Such an alternative has been widely investigated (see references [38, 39, 48, 53, 60]), and was shown to provide a fairly tight approximation.

3.2.2 Ergodic secrecy capacity

As an appropriate secrecy measure to characterize the time-varying feature of wireless channels, the ergodic secrecy capacity is consequently utilized to quantify the ergodic features of wireless channels [42, 88,89,90,91]. The ergodic secrecy capacity is mathematically evaluated by averaging the channel capacity over all fading channel realizations, which is mathematically computed as follows,

$$\begin{aligned} {\mathcal {E}}(C_s) = \left[ {\mathcal {E}}[\log _2(1+\gamma _B)] - {\mathcal {E}}[\log _2(1+\gamma _E)\right] ^+. \end{aligned}$$
(7)

For instance, the authors in [92] investigated the ergodic secrecy rate of downlink multiple-input multiple-output (MIMO) systems with limited CSI feedback. Similarly, considering the zero-forcing (ZF) beamforming at Alice and ZF detectors at Bob and Eve, the upper and lower bounds of the ergodic secrecy capacity of MIMO systems were explored in [90].

4 Secrecy characterization

In wireless communication systems, the transmitted signals are reflected, diffracted, and scattered from objects that are present on their path to the receivers. The received signals experience fading (multipath) and shadowing (signal power attenuation or pathloss) phenomena, which pose destructive and harmful impacts at the receiver sides. The essence of PLS lies in reversely using the impairments of wireless channels as secrecy enhancement means.
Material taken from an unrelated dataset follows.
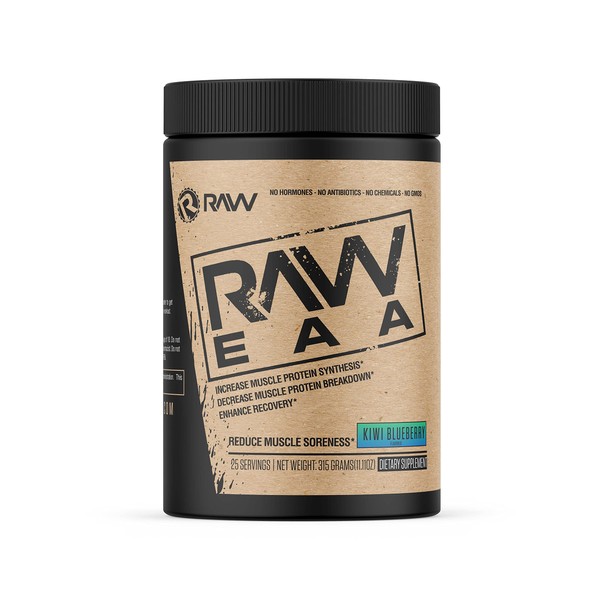 RAW EAA Essential Amino Acids Powder Supplement | Maximize Protein Synthesis, Build Lean Muscle Mass | Increase Strength, Endurance, Recovery | BCAA Energy Supplement | Kiwi Blueberry (25 Servings)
Under the assumption that the main and wiretap channels undergo independent fading conditions, this section mainly presents the security performance analysis over wiretap fading channels according to the following four categories.

4.1 Exact secrecy analysis

4.1.1 Small-scale fading channels

The random changes in signal amplitude and phase from the spatial positioning between a receiver and a transmitter is referred to small-scale fading. The well-known small-scale fading models are Rayleigh, Nakagami-m, Rician, \(\alpha -\mu\), etc. The simple and tractable form of these models makes small-scale fading appealing and popular in the security and reliability performance analysis. Examples can be found in [9, 33, 38,39,40,41], where the SOP, PNZ, and ASC metrics are analyzed with either closed-form or highly tight approximated expressions. It is noteworthy of mentioning that the \(\alpha -\mu\) distribution can be reduced to Rayleigh (\(\alpha =2,\mu =1\)), Nakagami-m (\(\alpha =2,\mu =m\)), Weibull (\(\alpha\) is the fading parameter, \(\mu =1\)), and Gamma (\(\alpha =1\), \(\mu\) is the fading parameter) distributions by properly attributing the values of \(\alpha\) and \(\mu\). To this end, the applicability and flexibility of the \(\alpha -\mu\) distribution have been well explored in the literature. Besides, the TWDP fading model is also of high flexibility as it includes Rayleigh, Rician, and hyper-Rayleigh as special cases. The TWDP model characterizes propagating scenarios where the received signal contains two strong, specular multipath waves, moreover, it can also model a link worse than Rayleigh fading. More importantly, it provides a good fit to the the real-world frequency-selective fading data from wireless sensor networks [93]. The PLS investigation over TWDP wiretap fading channels was studied in [31]. Apart from the aforementioned works, in [94], the authors studied the effect of eavesdroppers’ location uncertainty on the SOP metric, where Eve is located in a ring-shaped area around Alice and undergoes Rayleigh fading.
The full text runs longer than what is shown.